Pobres lagartos. No tengo dudas sobre el sufrimiento y la pesada carga que deben llevar en medio de su trastorno de personalidad, que tal es el único diagnóstico que les puede descifrar. Conscientes como deberían estarlo de que su estilo de vida es una enfermedad, no los imaginamos acudiendo al médico por una droga que los alivie y redima. Siempre gozan de cabal salud y siempre la razón está de su lado.   

Dignos de compasión, suponemos que el arribismo como patrón de conducta es para ellos un medio y no un fin. Aparentando invariablemente un mayor nivel en la escala social -pues qué caray, fácil-, saben que lograrán abreviar el camino. Y pueden ser de todo, camaleones agobiantes, exasperantes, extravagantes e inmamables pero nunca tímidos. Virtud única en ellos que muchos de nosotros envidiaríamos.  

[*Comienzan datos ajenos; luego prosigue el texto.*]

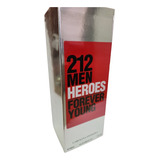 Perfume Carolina Herrera 212 Heroes Forever Young Edt 90 Ml Masculino Importado Original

No siempre siendo sujetos de su propia gestión, sí son objeto muchas veces del manipuleo de otros. Se juegan la vida en la ruleta del azar. La suerte es el Dios que les mantiene viva la esperanza.  

Antonio Montaña, uno de los más importantes intelectuales de la Colombia del siglo XX, hace en su libro, “Fauna Social Colombiana”, una descripción del personaje que hoy, debido al monumento que el Congreso acaba de erigirles con su proyecto de ley, me he tomado el trabajo de comentar. Dice Montaña: “Hay lagartos con títulos nobiliarios, lagartos ricos, lagartos aristócratas, lagartos lobos, lagartos de medio pelo, de club, de redacción, lagartos de cóctel, de tienda, de asamblea de accionistas, de foros y reuniones internacionales. Pero todos son inoportunos… (el lagarto) siempre está dispuesto a lanzarse a la palestra social esgrimiendo unas armas de las que se cree dueño y señor: el “don de gentes’ y la simpatía”.

Visto todo lo anterior, con la rifa que acaban de ganarse en el Congreso, esta escena pronto será real:

“El que sigue… ¿nombre? Ananías Rebollo. ¿Profesión? Lagarto, señor, y a mucho honor”.